English Corpus Linguistics - LAN00032H
Module summary
Corpus linguistics uses real world data for the analysis of language. In this module you'll learn about how we can use a corpus (body of texts) to discover patterns of usage in English and investigate variation and change. Assuming no prior knowledge, we'll teach the valuable skills you need to use standard text analysis software, check your own ideas and discover patterns yourself.
Related modules
Additional information
With respect to pre-requisites the following modules are equivalent.
First year modules
-
Introduction to Syntax, Morphology and Syntax, and Syntactic Structures
Module will run
Occurrence | Teaching period |
---|---|
A | Semester 1 2025-26 |
Module aims
The aim of this module is to introduce you to corpus linguistics, and the use of corpora in studying English language. The first half of the spring term will introduce the theory and practice of corpus linguistics, and the second half will explore how corpora are currently used in linguistic research on English. The summer term is devoted to workshops related to individual project work. This module is largely practical and skills driven and the assessment is designed to test your skills in accessing the primary literature, data collection and analysis, descriptive adequacy, critical thinking, argumentation, and written presentation skills.
Module learning outcomes
On completion of this module a student should be able to:
- understand and discuss the main issues and methodologies of corpus linguistics
- understand the role of corpus data in linguistic research
- carry out linguistic investigations using a variety of corpora and corpus methodologies
- perform simple statistical tests
A student will develop competence in the following skills:
- recognising and explaining complex patterns in linguistic data
- forming valid generalisations about language from corpus data
- expressing grammatical concepts clearly and concisely
- designing and carrying out a small research project using corpus data
- summarising and presenting findings in a style appropriate to the norms of the discipline
- understanding and applying basic statistical concepts relevant to linguistic analysis
Employability skills:
- This module will allow a student to particularly develop skills in the application of IT/numeracy skills.
- to extract linguistic data from large electronic corpora
- to organize, manipulate, analyse and quantify this data electronically in order to investigate questions about real-world language use.

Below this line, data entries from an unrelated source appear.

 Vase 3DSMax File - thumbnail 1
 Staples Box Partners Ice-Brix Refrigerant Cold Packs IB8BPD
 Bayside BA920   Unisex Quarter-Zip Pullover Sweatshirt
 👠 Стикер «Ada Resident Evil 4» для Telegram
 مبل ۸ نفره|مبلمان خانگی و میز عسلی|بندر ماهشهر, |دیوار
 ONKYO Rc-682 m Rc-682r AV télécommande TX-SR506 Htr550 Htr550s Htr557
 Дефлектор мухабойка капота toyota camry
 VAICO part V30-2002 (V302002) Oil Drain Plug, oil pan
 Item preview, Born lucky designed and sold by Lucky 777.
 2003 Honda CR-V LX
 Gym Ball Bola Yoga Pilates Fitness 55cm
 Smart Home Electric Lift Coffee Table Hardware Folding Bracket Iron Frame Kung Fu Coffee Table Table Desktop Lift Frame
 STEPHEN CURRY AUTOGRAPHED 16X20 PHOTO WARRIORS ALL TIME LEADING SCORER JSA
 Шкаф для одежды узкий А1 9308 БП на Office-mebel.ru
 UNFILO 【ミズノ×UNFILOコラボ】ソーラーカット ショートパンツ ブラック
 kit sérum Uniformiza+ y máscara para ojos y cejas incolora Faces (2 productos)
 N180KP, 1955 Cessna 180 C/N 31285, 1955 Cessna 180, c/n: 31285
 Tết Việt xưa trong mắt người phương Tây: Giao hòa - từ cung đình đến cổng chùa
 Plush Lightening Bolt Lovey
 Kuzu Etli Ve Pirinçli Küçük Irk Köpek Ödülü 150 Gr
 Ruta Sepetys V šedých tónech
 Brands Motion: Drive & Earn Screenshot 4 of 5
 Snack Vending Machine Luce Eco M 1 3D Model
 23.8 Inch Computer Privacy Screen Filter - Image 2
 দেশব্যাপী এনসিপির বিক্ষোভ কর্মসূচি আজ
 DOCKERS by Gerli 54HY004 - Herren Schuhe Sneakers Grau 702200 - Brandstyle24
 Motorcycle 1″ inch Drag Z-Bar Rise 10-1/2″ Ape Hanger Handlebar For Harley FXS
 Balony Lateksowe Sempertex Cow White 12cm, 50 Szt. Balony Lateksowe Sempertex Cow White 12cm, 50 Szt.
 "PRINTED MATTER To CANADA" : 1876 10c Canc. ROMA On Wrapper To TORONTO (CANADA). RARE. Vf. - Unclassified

- to learn some simple statistics in order to validate your results.
Module content
This module introduces the concept of the corpus as an authentic language sample. We consider how corpora are designed and put together and how information about linguistic structure (annotation) is added to a corpus. Students develop knowledge of the questions that corpus linguistics helps us to answer, and as part of this we deepen our understanding of variables and hypotheses, including how to test them.
Indicative assessment
Task | % of module mark |
---|---|
Essay/coursework | 100 |
Special assessment rules
None
Indicative reassessment
Task | % of module mark |
---|---|
Essay/coursework | 100 |
Module feedback
Feedback for the first formative is given by the end of week 7. For the second formative it is given by the end of week 10. For the third formative it is given by the end of week 11. Feedback for the summative is given within the University mandated turnaround time.
Indicative reading
Biber, D. (1993). Representativeness in Corpus Design. Literary and Linguistic Computing, 8(4).
Gries, S. Th. (2009). What is Corpus Linguistics? Language and Linguistics Compass, 3(5), 1225–1241. https://doi.org/10.1111/j.1749-818X.2009.00149.x
McEnery, T., & Hardie, A. (2011). Corpus Linguistics. Cambridge: Cambridge University Press. doi:10.1017/CBO9780511981395.002
Taylor, C. 2007. What is Corpus Linguistics? What the data says. ICAME Journal 32, 179-200.